Druga część rozpoczęła się pomyślnie dla miejscowych, bo Dariusz Gawęcki płaskim strzałem, oddanym z pola karnego, pokonał Mariusza Różalskiego. Chwilę później minimalnie przestrzelił Mateusz Stanek.

Jednak po dograniu z rzutu wolnego Adriana Ligienzy, głową piłkę do siatki wpakował Michał Bedronka.

Goście mieli kolejne okazje do podwyższenia wyniku. Po zagraniu Ligienzy, Rafał Komorek przegrał pojedynek z Wróblem (66 min). Z kolei Michał Czubin ograł trzebińskiego bramkarza, ale spudłował. Po precyzyjnym strzele Ligienzy z rzutu wolnego mecz został rozstrzygnięty, a gol Komorka był już tylko na dobicie gospodarzy.

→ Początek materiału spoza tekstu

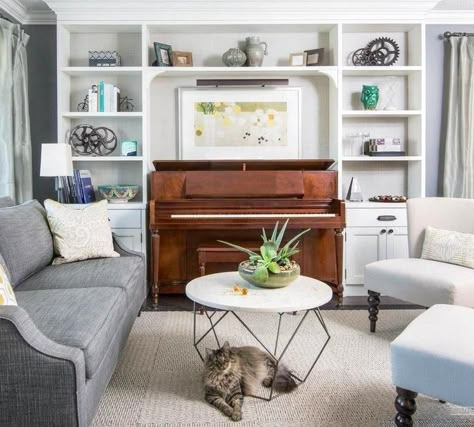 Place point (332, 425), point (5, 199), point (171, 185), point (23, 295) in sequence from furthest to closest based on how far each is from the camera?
point (171, 185)
point (5, 199)
point (23, 295)
point (332, 425)

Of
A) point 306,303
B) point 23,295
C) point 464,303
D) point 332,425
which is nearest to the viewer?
point 332,425

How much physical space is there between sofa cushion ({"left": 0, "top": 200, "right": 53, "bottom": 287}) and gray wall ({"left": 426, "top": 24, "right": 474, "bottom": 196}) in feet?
11.1

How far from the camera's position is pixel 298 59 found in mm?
4055

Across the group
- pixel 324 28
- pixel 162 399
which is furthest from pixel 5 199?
pixel 324 28

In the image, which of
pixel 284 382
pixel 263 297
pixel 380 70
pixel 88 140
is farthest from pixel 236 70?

- Trudno wyobrazić sobie lepszy scenariusz, skoro na początku drugiej połowy wróciliśmy do gry. Ambicji moim zawodnikom nie mogę odmówić. Do końca walczyli o jak najkorzystniejszy wynik. Tymczasem przegrywamy mecze detalami – powiedział Robert Moskal, trener trzebinian.

- Mamy dobrą passę, więc chcieliśmy w Trzebini ją podtrzymać i to nam się udało. Gola straciliśmy po prostym błędzie, bo nie potrafiliśmy wybić piłki z własnego pola karnego. Na szczęście była to jedyna rażąca wpadka – powiedział Dariusz Siekliński, trener Podhala. - Strzeliliśmy dwa gola po stałych fragmentach i są to pierwsze tego typu gole odkąd jestem w Podhalu. Cieszą gole zdobyte po akcjach. Nie interesuje nas styl rywali. Zawsze staramy się grać swoją piłkę.

MKS Trzebinia/Siersza – Podhale Nowy Targ 1:4 (0:1)
Bramki
: 0:1 Basta 39, 1:1 Gawęcki 48, 1:2 Bedronka 63, 1:3 Ligienza 87, 1:4 Komorek 90+2.

Trzebinia: Wróbel – Martyniak, Górka, Kalinowski, Ołownia – Domurat (65 Mizia), Gawęcki, Majcherczyk (65 Włodyka), Jagła (65 Kowalik) – Sochacki, Stanek (81 Niechciał).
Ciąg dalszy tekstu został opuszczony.